Но за надеждами — а вернее, за планами любовь терялась. И лишь теперь, когда Элизабета переплела волосы, стало вдруг ясно: мечты дозволено выбирать и не по чину. В человеке можно увидеть человека, а не родословную, не семейное дело и не благопристойность такого союза.
Эта мысль должна была ранить, но оказывалась сама по себе столь приятна, что Скопцов вновь рассмеялся. Элизабета не удивилась, напротив; она была не только умна, но и проницательна, поэтому наверняка всё разгадала. Но Скопцову отчего-то не было стыдно.
Он был безнадёжно влюблён, и в этой безнадёжности таилось столько свободы, сколько не видел весь свободный Петерберг.
Скопцов не помнил, как они распрощались; помнил лишь, что тоже попросил называть себя по имени, а она туманно заметила, что так рискует запутаться между ним и сыном, и это было почти чересчур. Не помнил он и того, сколько потом вышагивал по комнатке, пытаясь прийти в себя и вернуться к своим открытиям, осознаниям — ах, к своему бесценному, главному делу!
Но когда Скопцов взглянул на исписанные листы, он увидел, что слова его звучат выспренне и фальшиво. «Мы молим», «ужасное», «не лучше тех, кого стремились одолеть»… Какая чушь! Письмо его ничем не отличалось от бесчисленных речей, окрутивших петербержцев, а должно было отличаться.
В этом городе так давно не слышали ни искренности, ни честности.
«Жители Свободного Петерберга, — написал Скопцов на чистой странице, — вы знаете, что Революция преуспела. Если бы вы видели это письмо на бумаге, то разглядели бы большую «Р» в слове «Революция». Революция — это чудо, это важнейшее событие в новой истории, и оно далось вам большой ценой.
Вам, но не нам, Революционному Комитету. Вы теряли ближних, вас лишали имущества, вы попадали под унизительные подозрения. Да, да! Я не хочу врать и переименовывать неприглядные наши деяния. Другие расскажут о том, зачем это было нужно; да вы и сами это знаете. Я не сомневаюсь в том, что вас не нужно учить благодарности.
Но мы, Революционный Комитет, и виноваты тоже. Не забывайте об этом.
Нередко нас называют героями и спасителями. Я не стану даже спорить с тем, что прозвания эти верны; я не хочу прятаться ни от вины, ни от благодарности. Мы берегли кровь там, где любой бы её пролил, но и проливали там, где можно было найти иные пути. Жители Свободного Петерберга!

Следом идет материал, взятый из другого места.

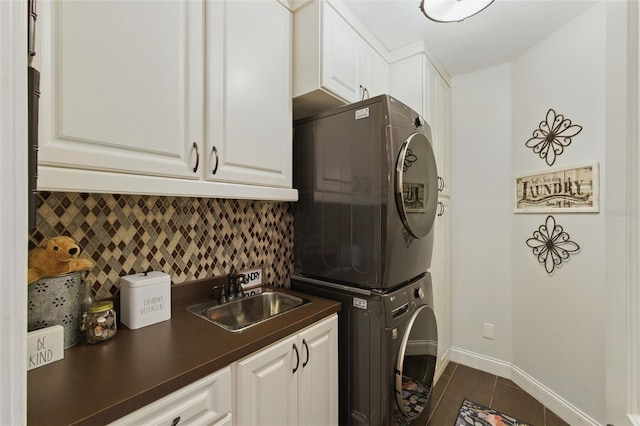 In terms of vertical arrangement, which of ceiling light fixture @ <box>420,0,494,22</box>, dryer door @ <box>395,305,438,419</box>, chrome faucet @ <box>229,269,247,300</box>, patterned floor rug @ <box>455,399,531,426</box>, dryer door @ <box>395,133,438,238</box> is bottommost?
patterned floor rug @ <box>455,399,531,426</box>

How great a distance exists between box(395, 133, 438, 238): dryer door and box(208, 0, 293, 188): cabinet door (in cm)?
60

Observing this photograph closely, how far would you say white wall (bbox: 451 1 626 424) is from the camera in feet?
5.64

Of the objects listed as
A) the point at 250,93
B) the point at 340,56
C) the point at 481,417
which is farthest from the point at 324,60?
the point at 481,417

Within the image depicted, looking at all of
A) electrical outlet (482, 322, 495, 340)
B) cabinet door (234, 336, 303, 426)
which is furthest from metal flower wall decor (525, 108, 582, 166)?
cabinet door (234, 336, 303, 426)

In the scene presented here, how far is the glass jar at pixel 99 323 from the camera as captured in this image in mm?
937

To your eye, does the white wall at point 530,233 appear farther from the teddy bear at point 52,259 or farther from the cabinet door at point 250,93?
the teddy bear at point 52,259

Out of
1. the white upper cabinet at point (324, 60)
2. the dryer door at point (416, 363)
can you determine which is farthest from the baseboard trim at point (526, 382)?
the white upper cabinet at point (324, 60)

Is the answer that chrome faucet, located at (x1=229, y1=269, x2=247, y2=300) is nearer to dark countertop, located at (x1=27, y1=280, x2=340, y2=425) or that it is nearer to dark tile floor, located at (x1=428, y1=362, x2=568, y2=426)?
dark countertop, located at (x1=27, y1=280, x2=340, y2=425)

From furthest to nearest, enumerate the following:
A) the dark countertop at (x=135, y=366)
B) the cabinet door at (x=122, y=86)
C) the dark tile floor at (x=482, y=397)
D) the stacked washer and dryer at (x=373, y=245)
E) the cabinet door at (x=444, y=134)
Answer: the cabinet door at (x=444, y=134), the dark tile floor at (x=482, y=397), the stacked washer and dryer at (x=373, y=245), the cabinet door at (x=122, y=86), the dark countertop at (x=135, y=366)

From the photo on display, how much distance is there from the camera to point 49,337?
2.67ft

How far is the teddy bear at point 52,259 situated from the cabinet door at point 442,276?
2.13 meters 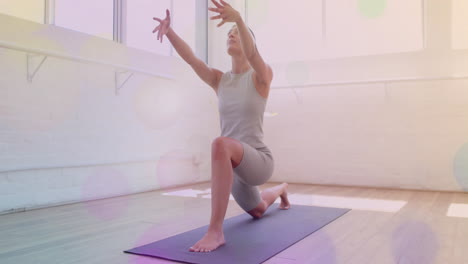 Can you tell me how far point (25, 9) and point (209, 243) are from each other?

Мы боролись за вас и вашу свободу, а свобода означает в том числе и свободу от нас. Пришло время прекратить смуту и кровопролитие.
Пожалуйста, простите нас. Простите нам расстрелы, обман, страх и осаду. Простите нас за то, что мы, обещав вам свободу, так долго держали город закрытым. Простите нас за то, что в казармах Петерберга томятся пленные, которых кормят за счёт вашего труда.
Слов никогда не будет достаточно, и я не надеюсь смягчить вас этим посланием. Нет! Пусть вас смягчит иное — новая, светлая жизнь. Мы же, закончив дела, уйдём. Революция преуспела, а значит — она завершена. Революционному Комитету пришло время смениться новыми формами правления.
Я прошу вас лишь об одном: пусть ваша новая, светлая жизнь будет такой, чтобы в ней не случалось больше подобных жестоких революций.
Ибо революция — всегда мрак. И пусть тени без света не бывает; главное — отыскать в новой жизни такой свет, который не впустил бы в неё тень».
Глава 78. Та ещё картинка
Хикеракли проснулся оттого, что на него упала тень. Попытка сфокусировать мутные глаза постановила, что отбрасывал оную хэр Ройш — пришёл себе, значится, и торчит посреди комнаты в кофейном своём жилете, заложил руки за спину и ухмыляется. Под боком у Хикеракли, загнанно дыша, свился в комок Тимка, вцепившийся что есть силы пальцами во все полотняные изделия, какие только нашёл во сне. К изделиям относились простынь, покрывало, наволочка и рубаха самого Хикеракли.
Конечно, в самом деле всего этого быть не могло, и по такому поводу Хикеракли умиротворённо закрыл глаза обратно.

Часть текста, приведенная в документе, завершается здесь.